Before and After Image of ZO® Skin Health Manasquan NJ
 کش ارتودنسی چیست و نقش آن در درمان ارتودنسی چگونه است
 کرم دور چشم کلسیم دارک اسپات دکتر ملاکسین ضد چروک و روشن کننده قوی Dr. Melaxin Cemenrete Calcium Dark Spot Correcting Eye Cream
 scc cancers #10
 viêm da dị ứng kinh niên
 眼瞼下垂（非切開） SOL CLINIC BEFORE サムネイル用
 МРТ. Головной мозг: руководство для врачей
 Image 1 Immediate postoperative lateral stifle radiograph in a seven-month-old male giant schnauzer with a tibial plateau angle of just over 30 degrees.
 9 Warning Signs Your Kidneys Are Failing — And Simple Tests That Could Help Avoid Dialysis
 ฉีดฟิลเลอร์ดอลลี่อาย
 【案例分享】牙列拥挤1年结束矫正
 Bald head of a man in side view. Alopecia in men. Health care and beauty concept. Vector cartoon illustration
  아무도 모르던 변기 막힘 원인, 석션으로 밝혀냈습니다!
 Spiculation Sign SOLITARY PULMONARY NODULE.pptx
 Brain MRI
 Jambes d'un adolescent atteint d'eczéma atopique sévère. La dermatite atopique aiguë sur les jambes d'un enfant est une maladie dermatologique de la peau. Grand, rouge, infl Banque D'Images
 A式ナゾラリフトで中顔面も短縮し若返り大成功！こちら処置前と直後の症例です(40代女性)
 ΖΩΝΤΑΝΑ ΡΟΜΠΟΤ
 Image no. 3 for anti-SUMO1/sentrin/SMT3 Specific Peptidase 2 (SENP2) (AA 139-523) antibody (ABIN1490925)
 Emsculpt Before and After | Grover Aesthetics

Task requirements> Reproduce the material above precisely, omitting nothing.

Result of this exercise>
Before and After Image of ZO® Skin Health Manasquan NJ
 کش ارتودنسی چیست و نقش آن در درمان ارتودنسی چگونه است
 کرم دور چشم کلسیم دارک اسپات دکتر ملاکسین ضد چروک و روشن کننده قوی Dr. Melaxin Cemenrete Calcium Dark Spot Correcting Eye Cream
 scc cancers #10
 viêm da dị ứng kinh niên
 眼瞼下垂（非切開） SOL CLINIC BEFORE サムネイル用
 МРТ. Головной мозг: руководство для врачей
 Image 1 Immediate postoperative lateral stifle radiograph in a seven-month-old male giant schnauzer with a tibial plateau angle of just over 30 degrees.
 9 Warning Signs Your Kidneys Are Failing — And Simple Tests That Could Help Avoid Dialysis
 ฉีดฟิลเลอร์ดอลลี่อาย
 【案例分享】牙列拥挤1年结束矫正
 Bald head of a man in side view. Alopecia in men. Health care and beauty concept. Vector cartoon illustration
  아무도 모르던 변기 막힘 원인, 석션으로 밝혀냈습니다!
 Spiculation Sign SOLITARY PULMONARY NODULE.pptx
 Brain MRI
 Jambes d'un adolescent atteint d'eczéma atopique sévère. La dermatite atopique aiguë sur les jambes d'un enfant est une maladie dermatologique de la peau. Grand, rouge, infl Banque D'Images
 A式ナゾラリフトで中顔面も短縮し若返り大成功！こちら処置前と直後の症例です(40代女性)
 ΖΩΝΤΑΝΑ ΡΟΜΠΟΤ
 Image no. 3 for anti-SUMO1/sentrin/SMT3 Specific Peptidase 2 (SENP2) (AA 139-523) antibody (ABIN1490925)
 Emsculpt Before and After | Grover Aesthetics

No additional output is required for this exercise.